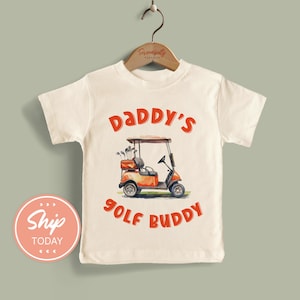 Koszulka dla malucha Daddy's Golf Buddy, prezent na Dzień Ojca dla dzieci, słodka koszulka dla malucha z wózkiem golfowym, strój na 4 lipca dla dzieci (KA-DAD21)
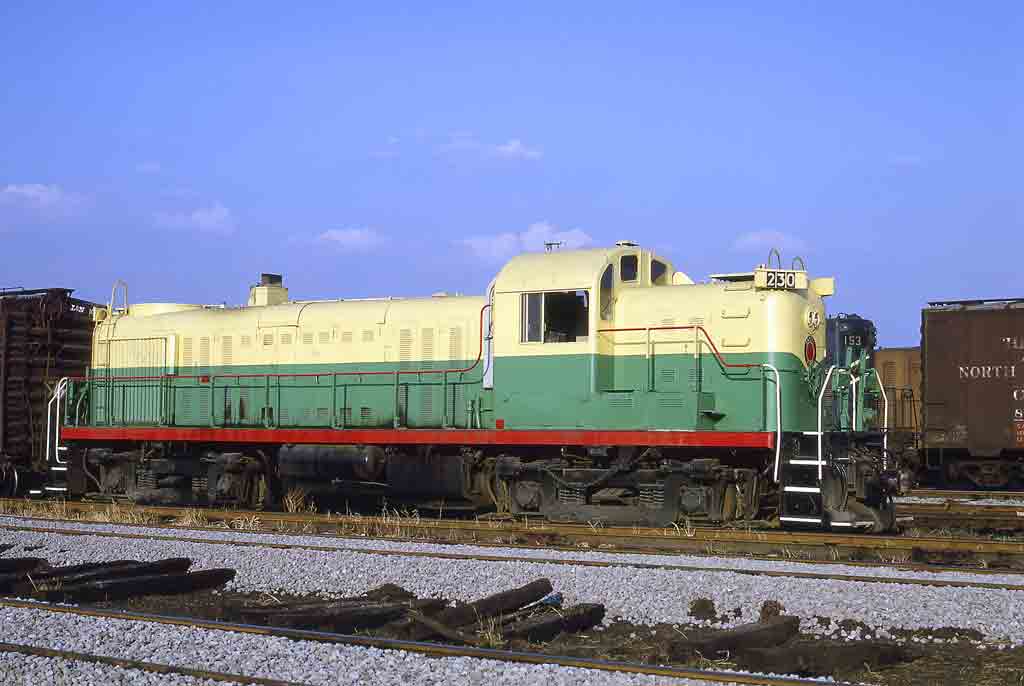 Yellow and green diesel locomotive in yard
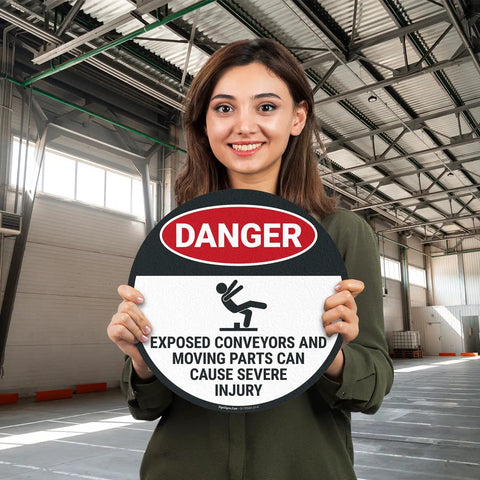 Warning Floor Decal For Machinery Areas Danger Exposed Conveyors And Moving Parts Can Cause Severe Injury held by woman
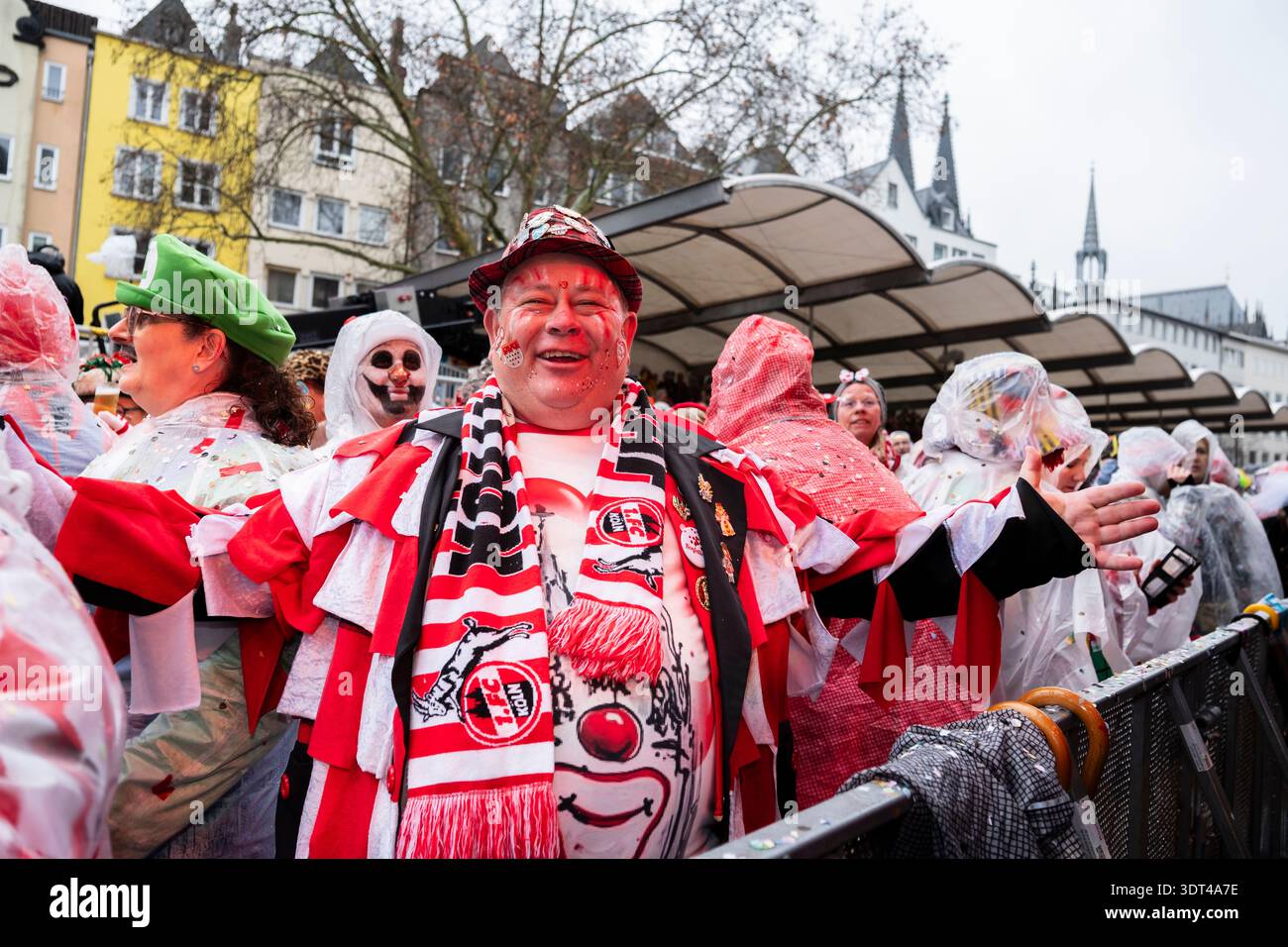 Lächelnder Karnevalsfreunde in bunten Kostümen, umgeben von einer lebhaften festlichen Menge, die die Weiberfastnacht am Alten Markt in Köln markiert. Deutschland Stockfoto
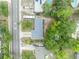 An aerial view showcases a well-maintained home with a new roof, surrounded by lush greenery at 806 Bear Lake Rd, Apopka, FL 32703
====
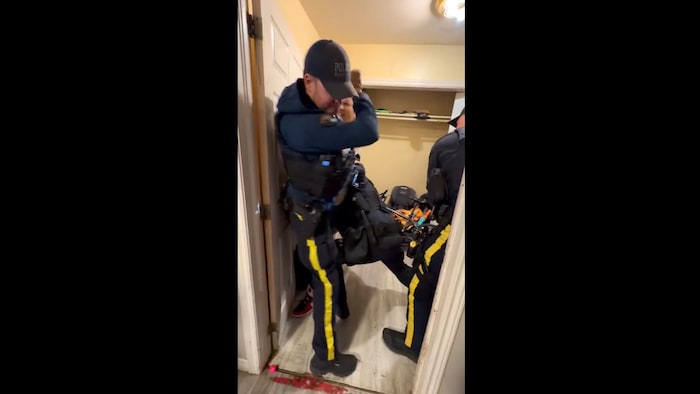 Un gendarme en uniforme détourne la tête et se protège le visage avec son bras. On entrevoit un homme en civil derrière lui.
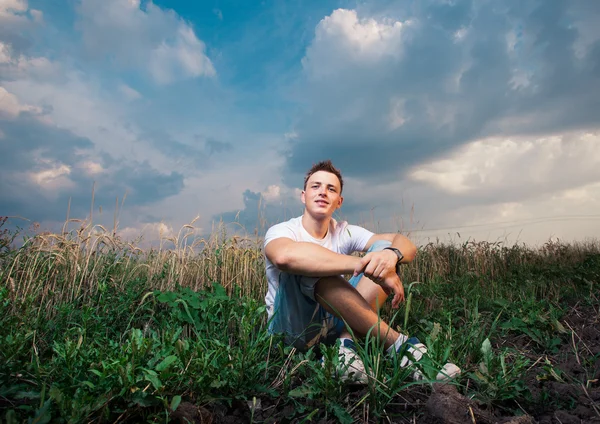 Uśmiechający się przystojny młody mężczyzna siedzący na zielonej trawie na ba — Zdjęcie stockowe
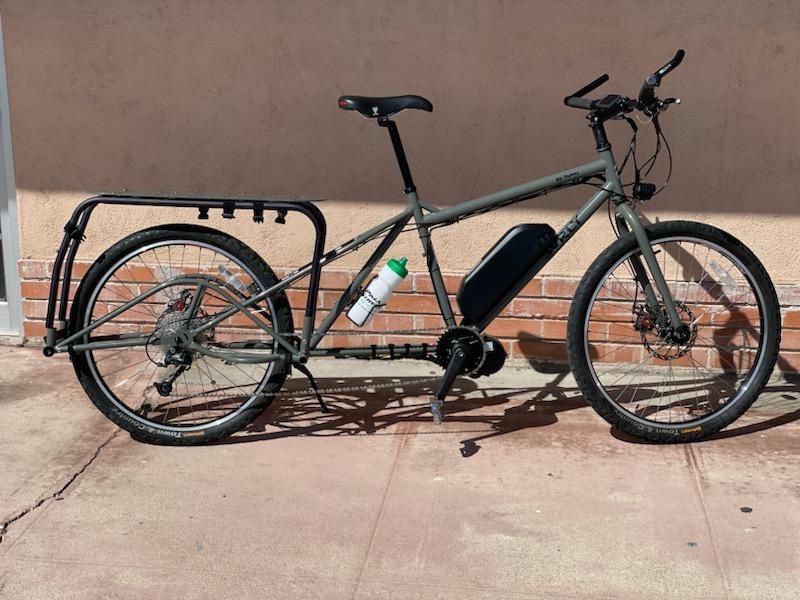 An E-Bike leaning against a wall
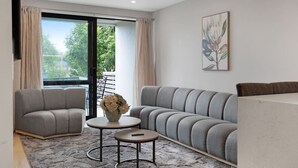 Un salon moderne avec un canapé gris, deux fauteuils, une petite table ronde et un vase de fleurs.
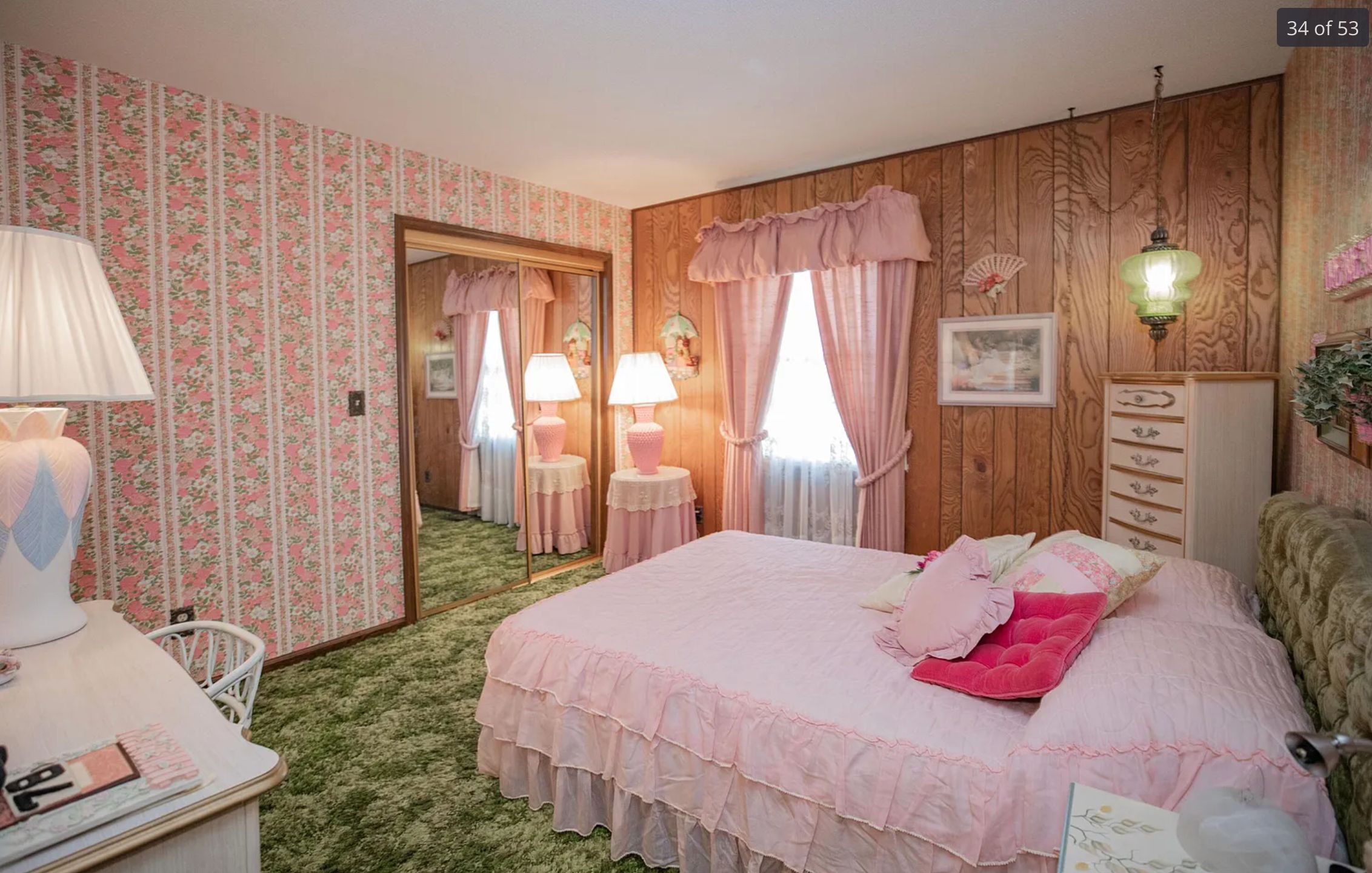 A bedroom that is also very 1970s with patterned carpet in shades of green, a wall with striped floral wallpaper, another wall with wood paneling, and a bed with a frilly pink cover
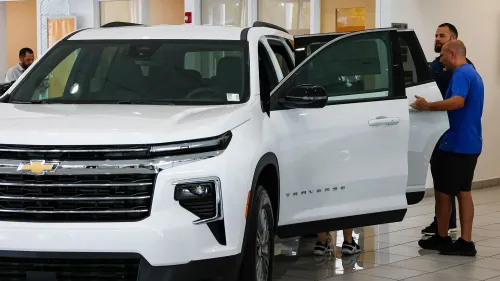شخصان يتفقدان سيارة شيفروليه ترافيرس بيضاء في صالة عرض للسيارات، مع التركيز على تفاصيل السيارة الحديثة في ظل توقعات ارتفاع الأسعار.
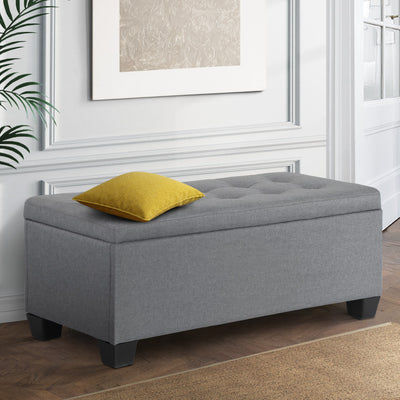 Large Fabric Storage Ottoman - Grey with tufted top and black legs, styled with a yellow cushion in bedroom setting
====
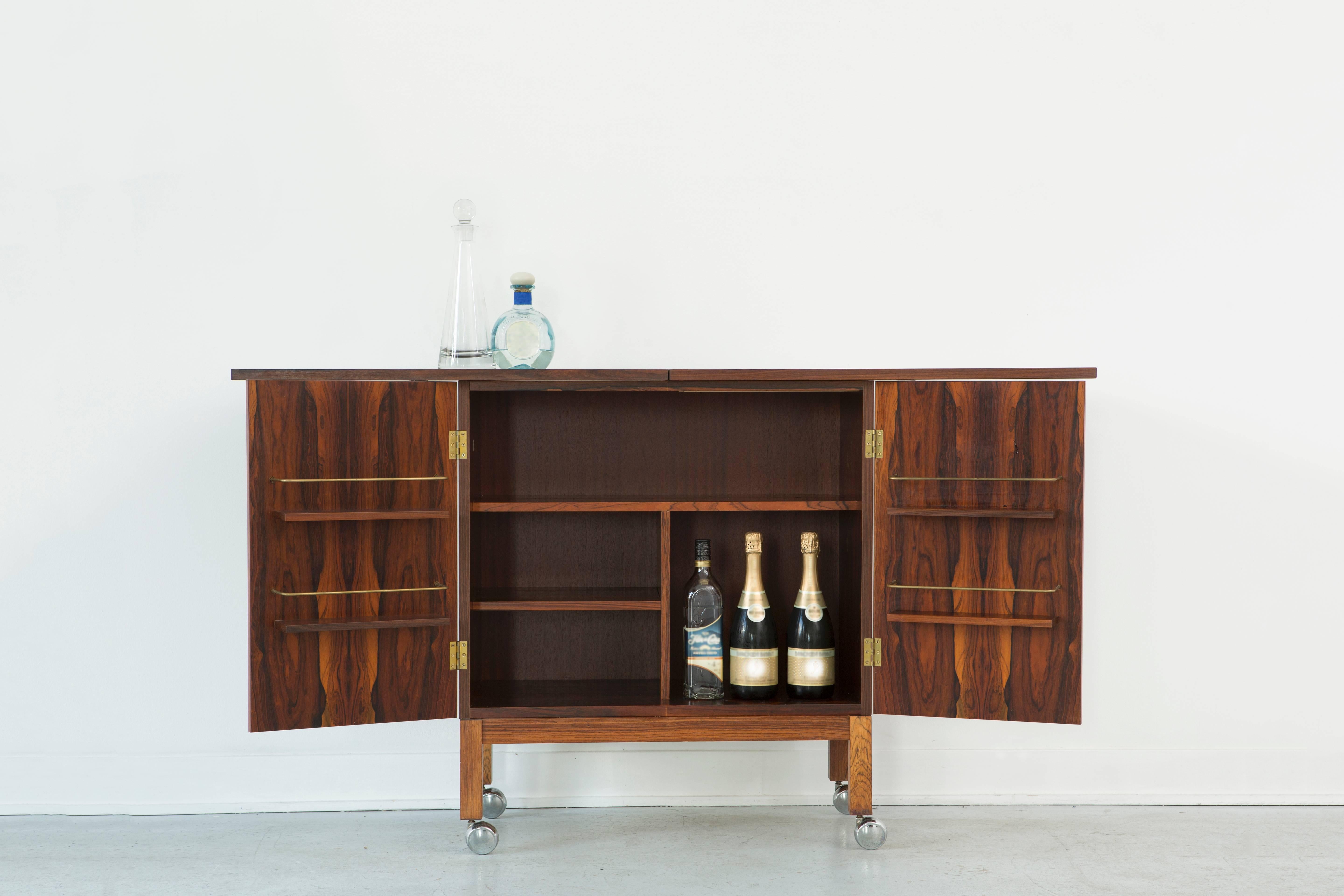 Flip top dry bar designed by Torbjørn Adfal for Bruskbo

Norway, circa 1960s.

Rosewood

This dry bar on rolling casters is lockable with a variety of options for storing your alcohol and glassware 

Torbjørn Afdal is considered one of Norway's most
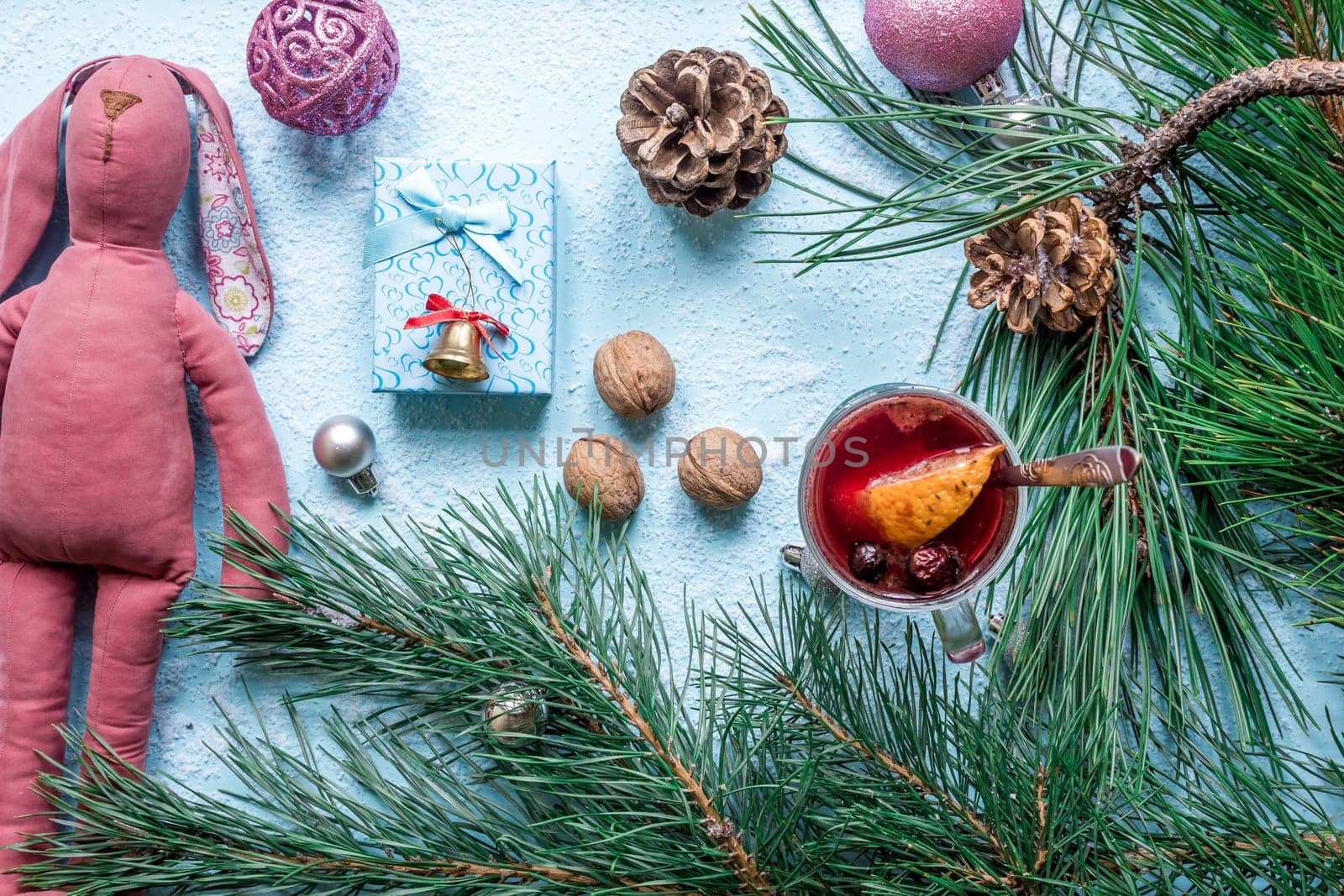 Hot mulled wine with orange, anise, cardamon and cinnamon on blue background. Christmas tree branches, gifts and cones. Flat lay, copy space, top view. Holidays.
====
> Task
Only one stretch of the listing above is to be duplicated: the lines from the one containing "Un salon moderne" through the one containing "Large Fabric Storage", both included. Copy them exactly, minus the pictures.

> Written response
 Un salon moderne avec un canapé gris, deux fauteuils, une petite table ronde et un vase de fleurs.
 A bedroom that is also very 1970s with patterned carpet in shades of green, a wall with striped floral wallpaper, another wall with wood paneling, and a bed with a frilly pink cover
شخصان يتفقدان سيارة شيفروليه ترافيرس بيضاء في صالة عرض للسيارات، مع التركيز على تفاصيل السيارة الحديثة في ظل توقعات ارتفاع الأسعار.
 Large Fabric Storage Ottoman - Grey with tufted top and black legs, styled with a yellow cushion in bedroom setting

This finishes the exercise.